YOUR ASSIGNMENT => Once the line containing "ábráján található kiegészítő" is found in the records below, return it and each following line exactly, up to and including the line containing "Delhi के केशवपुरम इलाके में फैक्ट्री में लगी आग Delhi", and nothing else.

SUPPLIED DATA =>
= = =

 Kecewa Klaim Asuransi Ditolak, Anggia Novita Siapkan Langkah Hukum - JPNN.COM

= = =

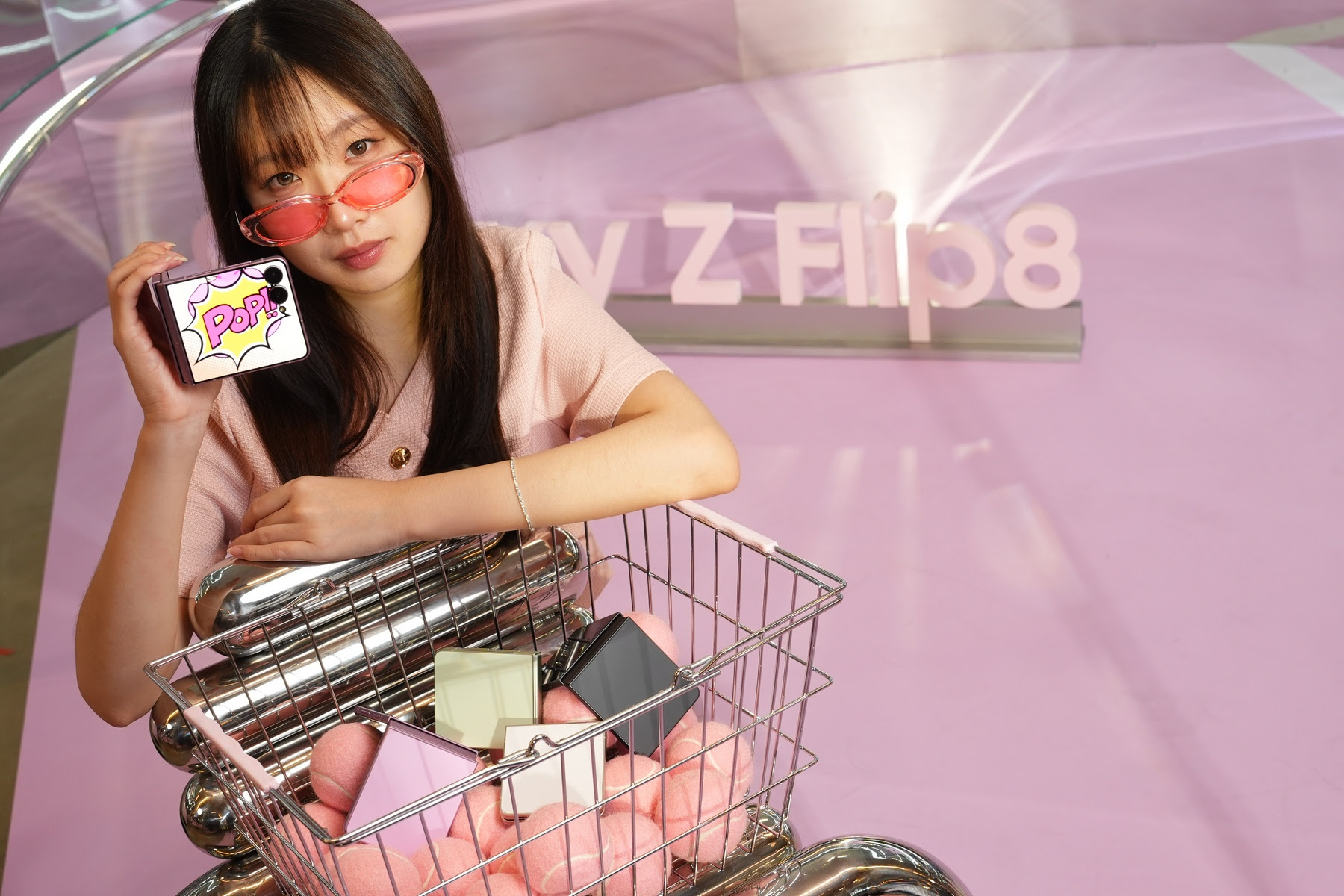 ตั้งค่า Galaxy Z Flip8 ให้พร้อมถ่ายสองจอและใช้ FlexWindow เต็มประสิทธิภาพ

= = =

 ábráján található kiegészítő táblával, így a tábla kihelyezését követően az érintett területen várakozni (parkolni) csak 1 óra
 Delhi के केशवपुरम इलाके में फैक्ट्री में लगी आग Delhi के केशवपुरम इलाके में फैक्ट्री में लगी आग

= = =

TASK ANSWER =>
 ábráján található kiegészítő táblával, így a tábla kihelyezését követően az érintett területen várakozni (parkolni) csak 1 óra
 Delhi के केशवपुरम इलाके में फैक्ट्री में लगी आग Delhi के केशवपुरम इलाके में फैक्ट्री में लगी आग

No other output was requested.